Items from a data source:

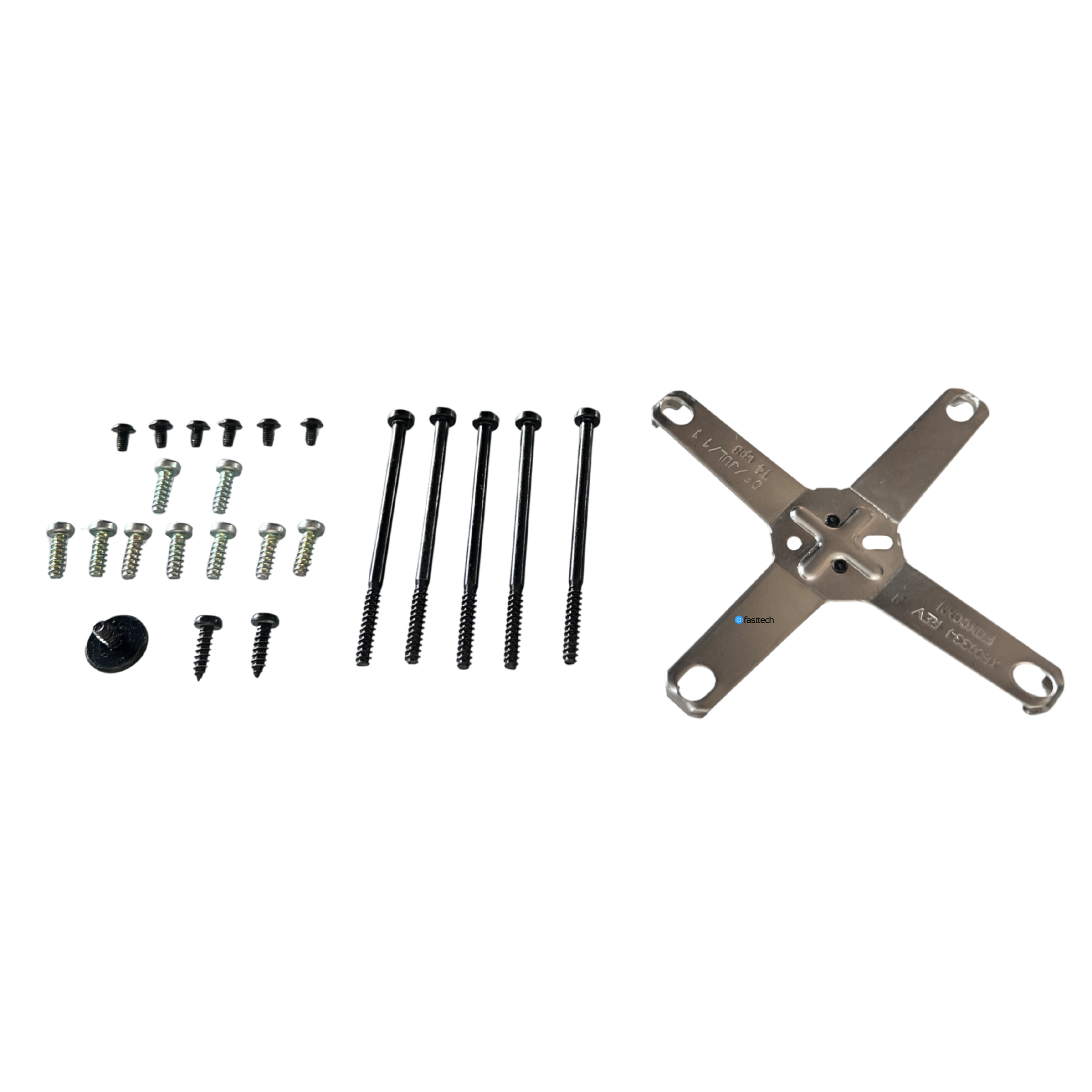 Xbox 360 S Complete Screw Set - 21.png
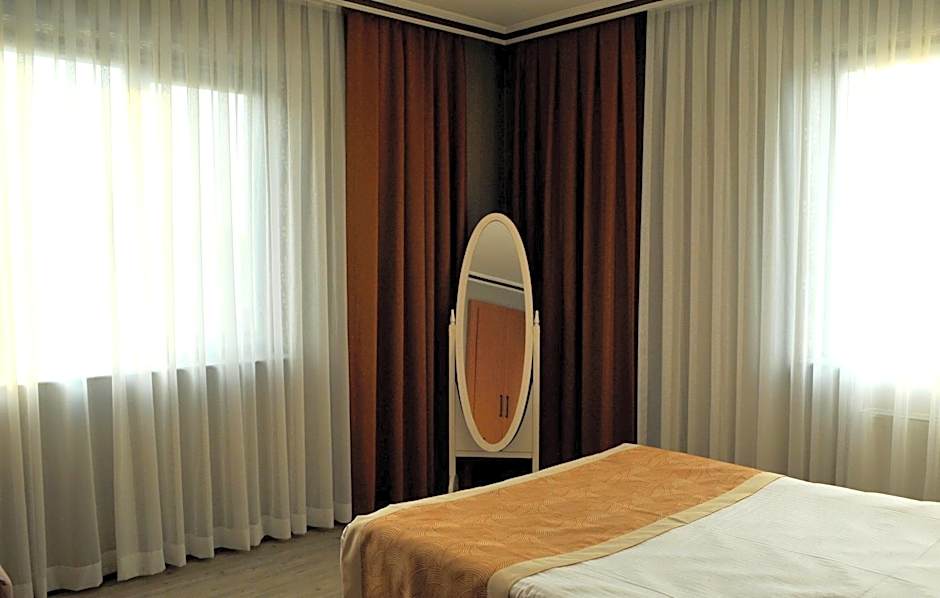 Lion City Hotel Ankara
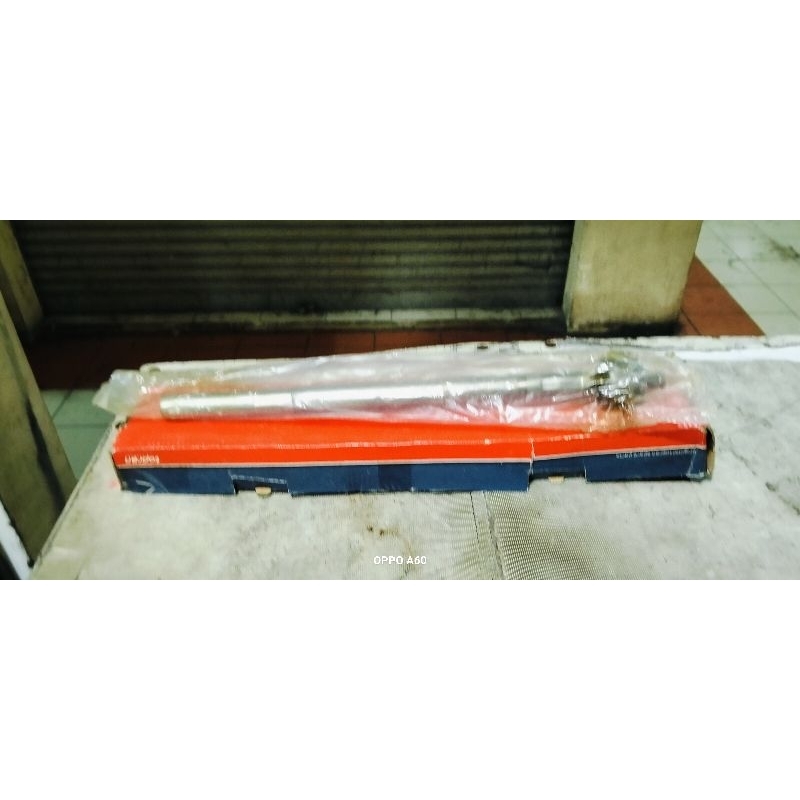 long tie rod Peugeot 306 N3 n5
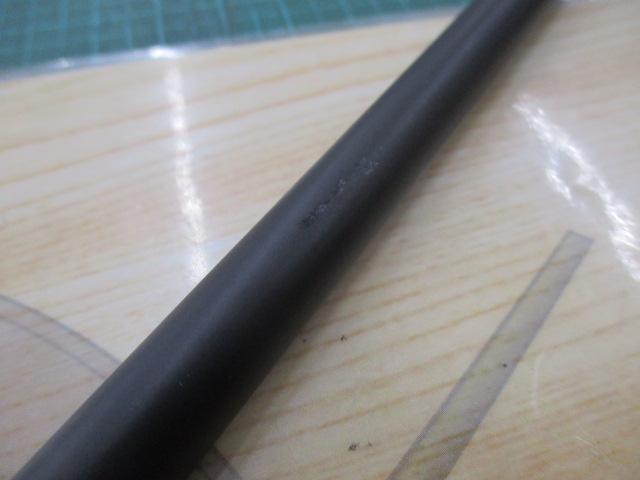 ラグゼソルテージリフレックスレオザ 88M TECHNICAL MASTER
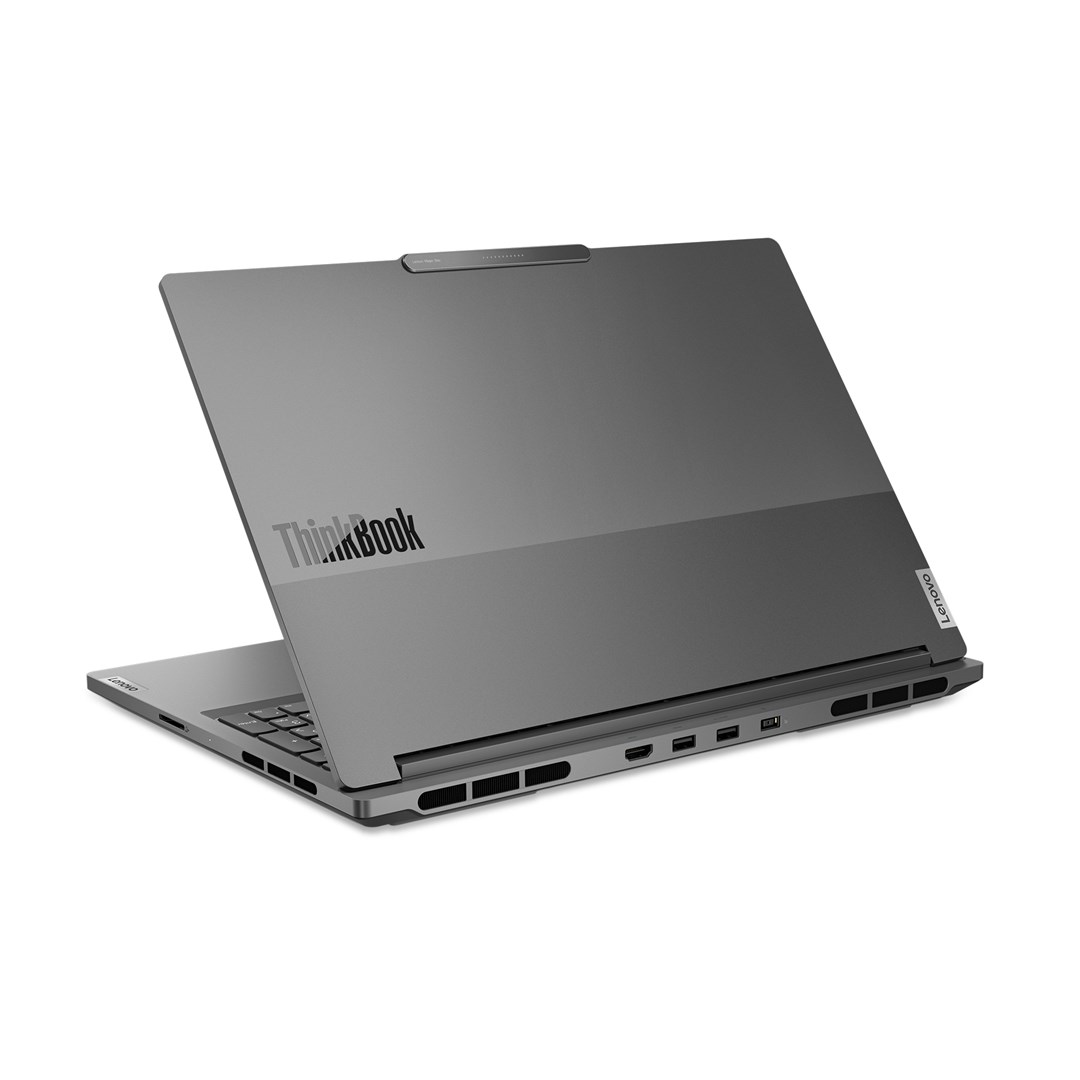 Laptop Lenovo ThinkBook 16p G4 IRH, 16", Intel Core i7-13700H, 16GB DDR5-SDRAM, 1TB SSD, NVIDIA GeForce RTX 4060, 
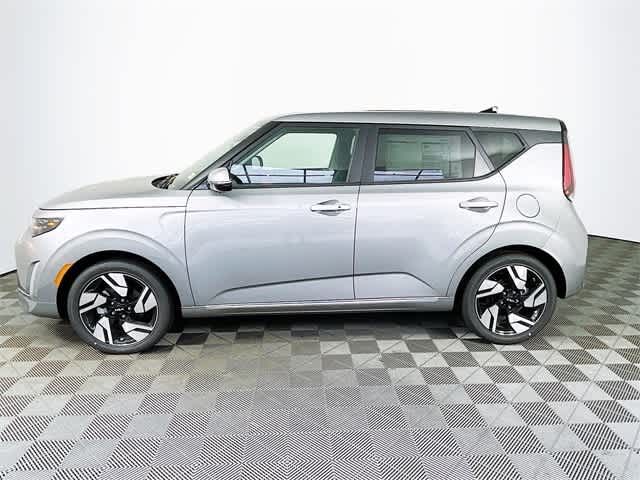 2024 Kia Soul GT-Line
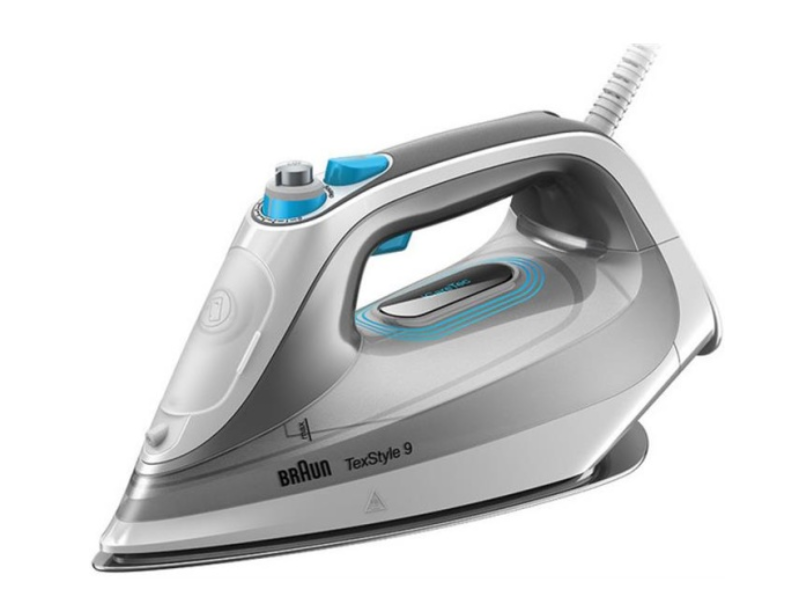 

Braun УТЮГ BRAUN SI 9270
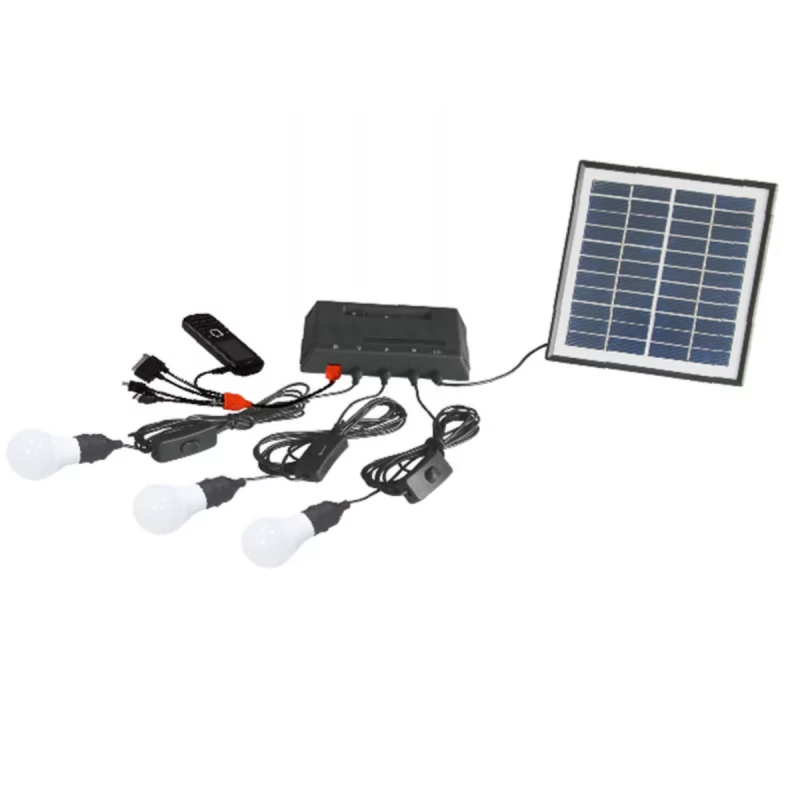 découvrez notre kit solaire abri, une solution écologique et efficace pour fournir de l'énergie à vos espaces extérieurs. idéal pour alimenter vos installations dans un jardin, sur une terrasse ou dans un abri de jardin, ce kit facile à installer vous permet de profiter d'une source d'énergie renouvelable tout en réduisant votre empreinte carbone.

= EXERCISE BRIEF =
Reproduce every line above word for word; no images.

= TASK ANSWER =
 Xbox 360 S Complete Screw Set - 21.png
 Lion City Hotel Ankara
 long tie rod Peugeot 306 N3 n5
 ラグゼソルテージリフレックスレオザ 88M TECHNICAL MASTER
 Laptop Lenovo ThinkBook 16p G4 IRH, 16", Intel Core i7-13700H, 16GB DDR5-SDRAM, 1TB SSD, NVIDIA GeForce RTX 4060, 
 2024 Kia Soul GT-Line

Braun УТЮГ BRAUN SI 9270
 découvrez notre kit solaire abri, une solution écologique et efficace pour fournir de l'énergie à vos espaces extérieurs. idéal pour alimenter vos installations dans un jardin, sur une terrasse ou dans un abri de jardin, ce kit facile à installer vous permet de profiter d'une source d'énergie renouvelable tout en réduisant votre empreinte carbone.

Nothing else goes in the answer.